Lance Armstrong avait fini par incarner à lui tout seul l’ère de la «globalisation» du cyclisme par laquelle un décalage se creusait entre les coureurs, mutés en figurines de jeux vidéo, et le public, fidèle à l’heure de célébrer sur le bord de la route la mémoire de sa propre histoire. Le Tour de France s’était défait de son caractère onirique pour se convertir en machine à spectacle où l’on pouvait lire l’essence générale du sport: un modèle réduit de l’ultralibéralisme. Célébré par Bush et Sarkozy, par CNN et les télévangélistes, par Nike et Drucker, Armstrong fut le symbole du catéchisme marchand. Non seulement il avait triché avec un mépris sans bornes, mais il avait – volontairement – versé le mythe du maillot jaune dans celui de l’american way of life revisité pour les besoins de l’époque, la gloire, le fric, le consumérisme, le pouvoir. L’exigence de crédibilité du modèle Armstrong n’était qu’une condition subjective de la confiance commerciale qui reposait sur ses épaules.

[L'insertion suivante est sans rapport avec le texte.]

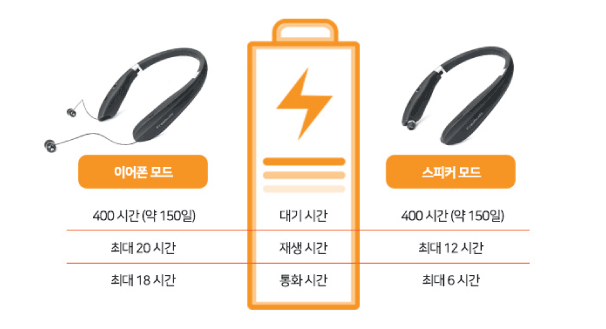 NEW BLUETOOTH EARPHONE archon Freebuds N7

Comment ne pas croire que quelque chose nous a trahis, dont le dopage sous toutes ses formes ne serait qu’un des avatars? Cette histoire édifiante d’un rescapé capable des pires mensonges ne trouva même pas sa propre conclusion lors du passage aux aveux. Les quelques larmes n’y changèrent rien. Les regrets non plus. Le «oui je me suis dopé» d’Armstrong, restera bien sûr dans l’histoire du sport et de la chaîne américaine CBS. Dans le genre mélodrame façon showbiz, Oprah Winfrey savait y faire. Bien d’autres avant le Texan étaient passés sur le divan de l’animatrice starifiée. Mais c’était trop tard, bien trop tard! Et s’il fallait se réjouir que l’ex-septuple vainqueur du Tour ait enfin avoué sa tricherie, comment ne pas comprendre qu’il s’était soumis à la pression de ses proches et des membres de sa fondation contre le cancer, Livestrong, au bord du gouffre. Le «cas» Armstrong s’écrivait déjà au passé. Car autant l’avouer. Avec quelques-uns (citons prioritairement Pierre Ballester, David Walsh et Damien Ressiot), nous ne tirons aujourd’hui aucune gloire d’avoir eu raison avant tout le monde en combattant le «système Armstrong» en un temps où la glorification de l’Américain était la règle imposée. Durant plus de dix ans, nous n’étions pas nombreux. Tout le monde sait maintenant que le cyclisme, lui aussi, mérite que des journalistes cherchent la vérité et la disent.
[ARTICLE publié dans le hors-série de l'Humanité, juin 2013.]